エンディアン 【endianness】 バイトオーダー / byte order / エンディアンネス
コンピュータではメインメモリに1バイトずつデータを並べていくが、32ビット(4バイト)の整数型のように複数のバイトを繋げて全体で一つのデータを表す場合には、メモリアドレス(番地)の小さい側に上位桁側のバイトを置くか、逆に下位桁側から並べるか、ルールを決めておかなければならない。
この配置順のルールを「エンディアン」(endianness)あるいは「バイトオーダー」(byte order)という。
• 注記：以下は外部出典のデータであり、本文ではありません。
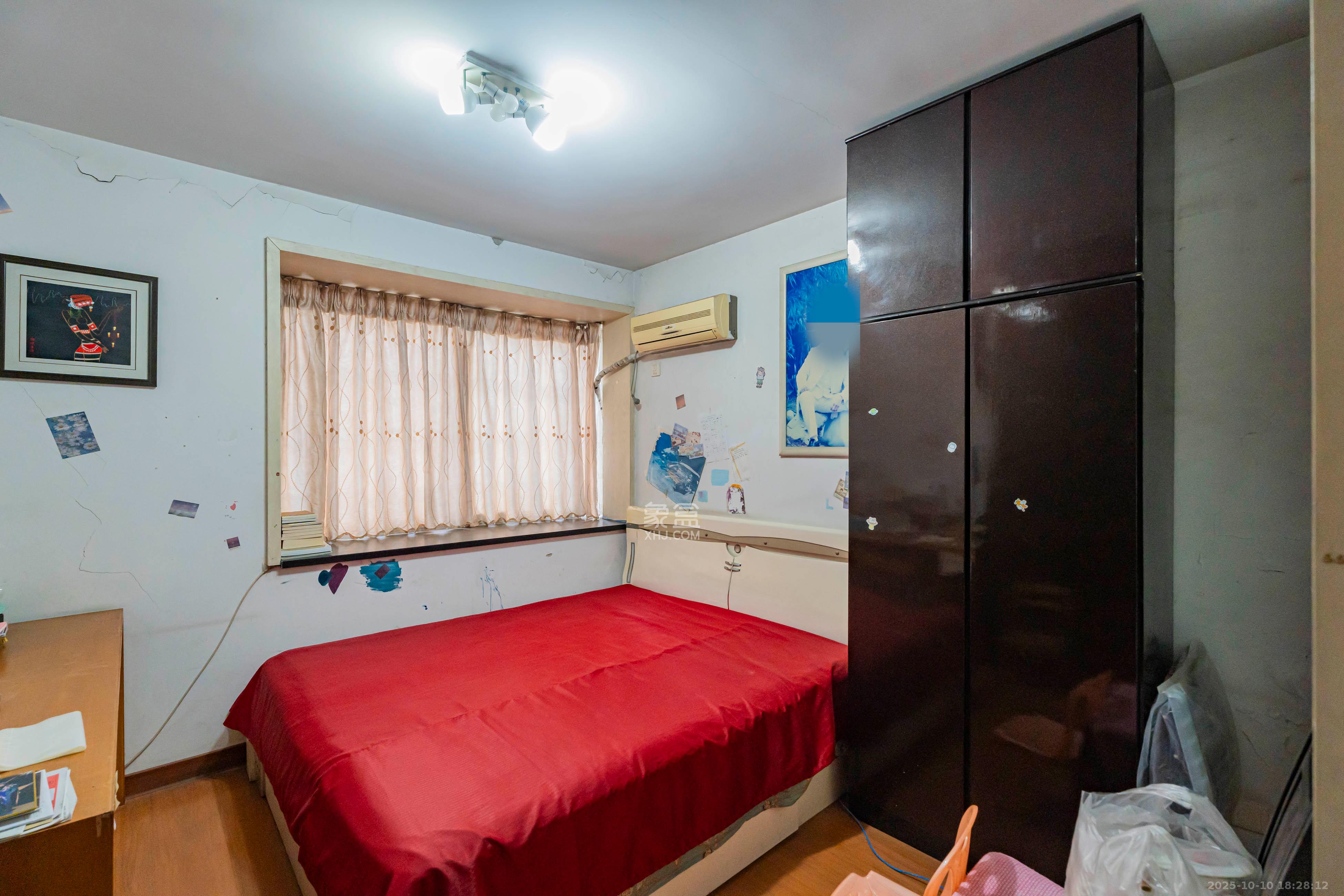 金帆小区  4室2厅2卫    79.0万 金帆小区  4室2厅2卫    79.0万卧室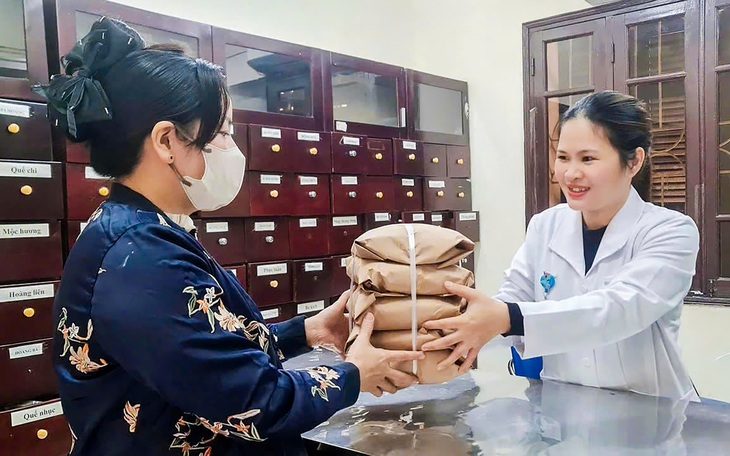 Bác sĩ mách cách ăn uống tăng đề kháng, giải rượu dịp Tết - Ảnh 1. Bác sĩ mách cách ăn uống tăng đề kháng, giải rượu dịp Tết - Ảnh 1.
最上位バイトから最下位バイトに向けて順に記録・送信する方式を「ビッグエンディアン」(big endian)、最下位バイトから最上位バイトに向けて順に記録・送信する方式を「リトルエンディアン」(little endian)という。
ちなみに、「エンディアン」の名称は、「ガリバー旅行記」の小人の国のエピソードに登場する、ゆで卵を丸い側(big end)から割る人々(ビッグエンディアン)と、尖った側(little end)から割る人々(リトルエンディアン)に由来するとされる。
例えば、16進数で「11223344」と表される4バイトのデータをメインメモリに保存する際、これをメモリの下位アドレスから上位アドレスに向けて「11」「22」「33」「44」の順に書き込んでいくのがビッグエンディアン、「44」「33」「22」「11」の順に書き込むのがリトルエンディアンとなる。
CPUにおけるエンディアン
メモリ上のエンディアンはCPU(マイクロプロセッサ)の種類によって規定されており、例えば米IBM社のメインフレームなどはビッグエンディアンを、米インテル(Intel)社のx86系プロセッサなどはリトルエンディアンを採用していることで知られる。
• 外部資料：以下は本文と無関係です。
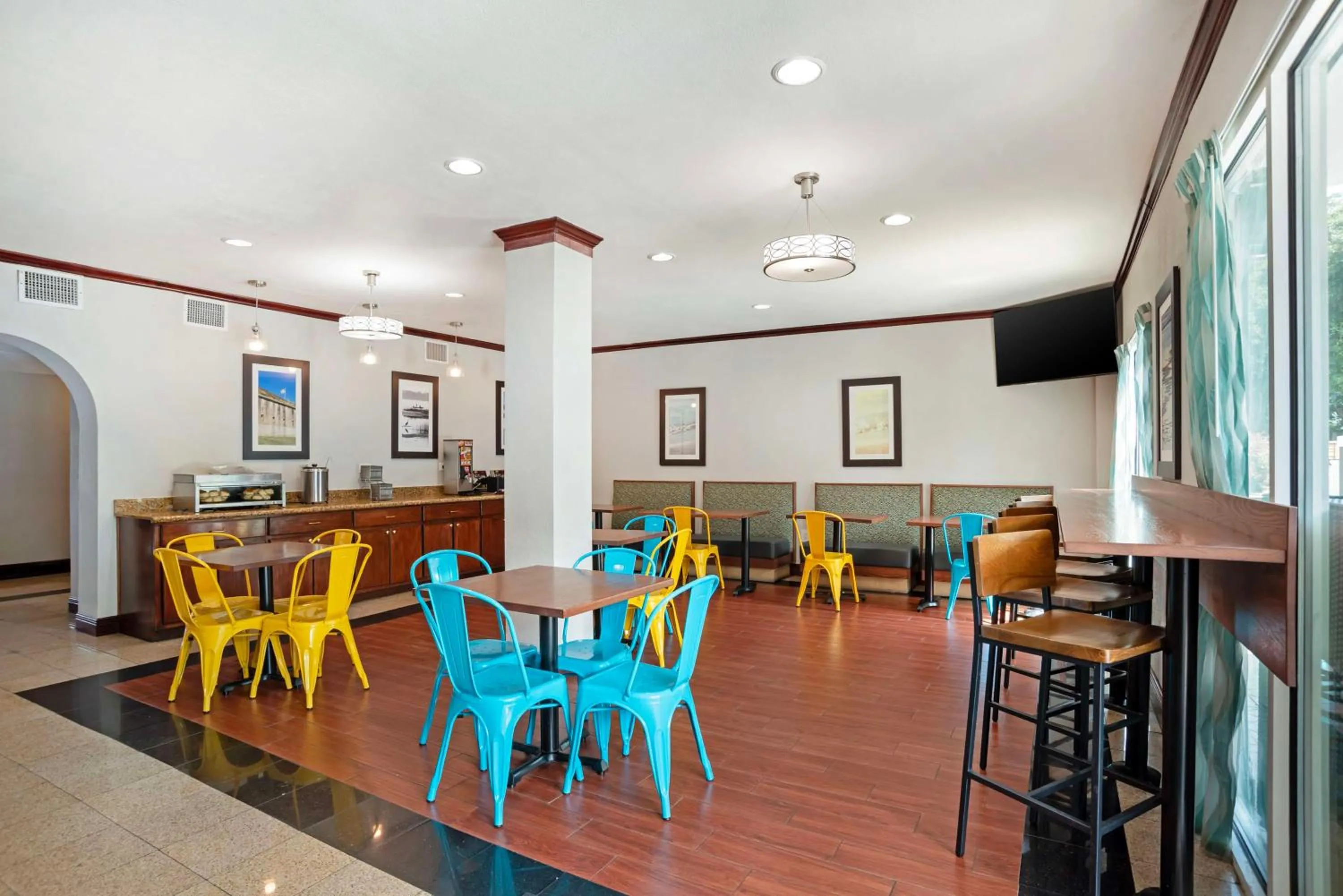 Breakfast in Best Western Plus Blue Angel Inn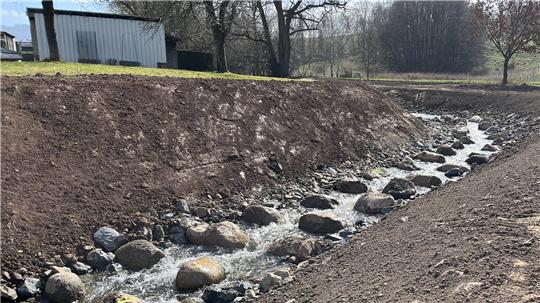Wasser fließt über eine Sohlgleite.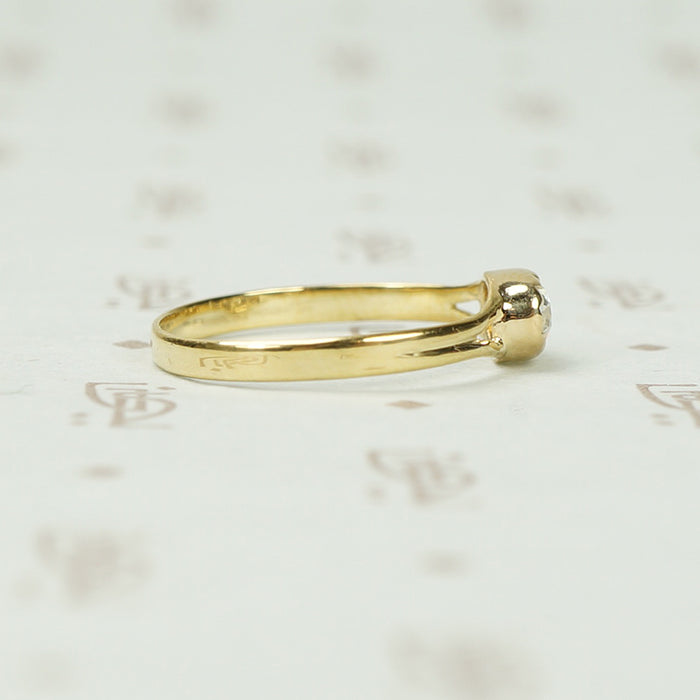 The 18k Oval OMC Solitaire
稀に、「33」「44」「11」「22」などと前半と後半を入れ替える「ミドルエンディアン」(middle endian)と呼ばれる方式や、ビッグエンディアンとリトルエンディアンを切り替えて使用できる「バイエンディアン」(bi-endian)と呼ばれる方式のプロセッサも存在する。
通信におけるエンディアン
通信プロトコルやファイル形式(フォーマット)でも、送り順や並び順で上位側と下位側のどちらが先かを定めたエンディアンが規定されていることがあり、プロセッサの種類に関わらず、仕様で定められたエンディアンでデータを取り扱うようソフトウェア側で対応しなければならない。
例えば、TCP/IPでは複数バイトのデータはビッグエンディアンで取り扱うと規定(ネットワークバイトオーダー)されている。Unicodeのように、ファイルの先頭にエンディアンを指定する特殊な符号(BOM:バイトオーダーマーク)を書き込むよう規定しているフォーマットもある。